The exercise will begin in the western Baltic before moving eastwards, where NATO forces are expected to practise resupply and the protection of free maritime routes around Gotland. The Swedish island has become particularly important because of its location near the centre of the Baltic Sea. Control of waters around Gotland would affect the ability to reinforce the Baltic states and keep shipping moving during a crisis.

For Estonia, Latvia and Lithuania, maritime access is not a secondary concern. The three Baltic states are connected by land to the rest of NATO through the narrow Suwałki corridor between Poland and Lithuania. In a conflict, sea lines of communication would be central to reinforcement, logistics and the movement of equipment. Haisch described free sea lines as a central task, covering both military logistics and commercial shipping.

The Baltic has also become a theatre for hybrid and sub-threshold activity. Western governments have attributed several incidents involving damaged undersea infrastructure, suspicious shipping activity and GPS interference to Russian-linked behaviour, although attribution has often been difficult and politically sensitive. Haisch said he did not expect Moscow to cross the threshold that would trigger NATO’s Article 5 collective defence clause, but warned that Russia could seek to test the alliance below that level.

This is where the reduced size of BALTOPS becomes relevant. Exercises are not only about numbers, but numbers still matter. Fewer ships and personnel may be sufficient for selected training objectives, but they also indicate that allied navies are balancing Baltic requirements against other commitments. Western warships are in demand for deterrence, escort missions, maritime security, air-defence support, carrier operations, Arctic activity and the protection of critical infrastructure.
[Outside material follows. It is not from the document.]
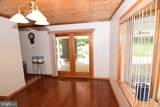 1296 Sunnyside Hollow Road - Photo 24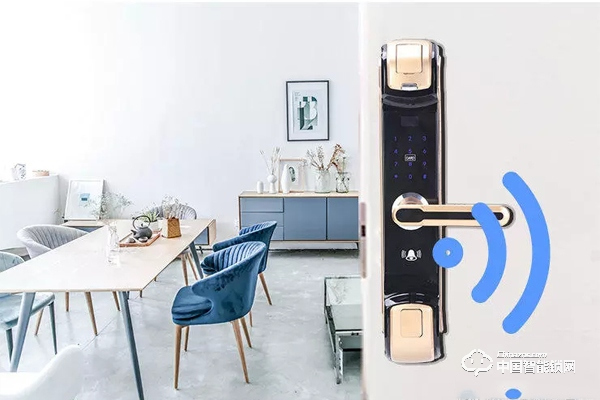 羅瑞斯指紋鎖怎么樣 羅瑞斯指紋鎖價(jià)格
The question for NATO is not whether it can conduct a Baltic exercise. It can. The issue is whether the alliance can sustain a credible maritime posture across several regions while Russia remains a military threat in Europe and instability elsewhere continues to draw naval assets away. The Baltic Sea is now an internal NATO-dominated operating area in geographic terms, but it remains exposed to disruption, surveillance, sabotage and missile threat.

BALTOPS has been held for more than five decades and remains a core element of allied maritime training in northern Europe. The Finnish Navy has described the 2026 exercise as part of NATO’s Arctic Sentry framework, led by the US Sixth Fleet in conjunction with STRIKFORNATO. That link between the Baltic and the Arctic is significant, because northern European defence planning increasingly treats the two regions as connected.

For Washington, continued leadership of BALTOPS sends a useful reassurance signal at a time when European allies are watching US force-posture decisions closely. For European navies, however, the exercise also illustrates the limits of relying on American leadership while expecting the United States to cover multiple theatres at once.

The scaled-back exercise should not be read as a collapse in NATO readiness. It is better understood as a warning about capacity. The Baltic Sea has become more important to the alliance, not less. The fact that NATO is exercising there with fewer vessels than last year shows that political intent and available assets are not always the same thing.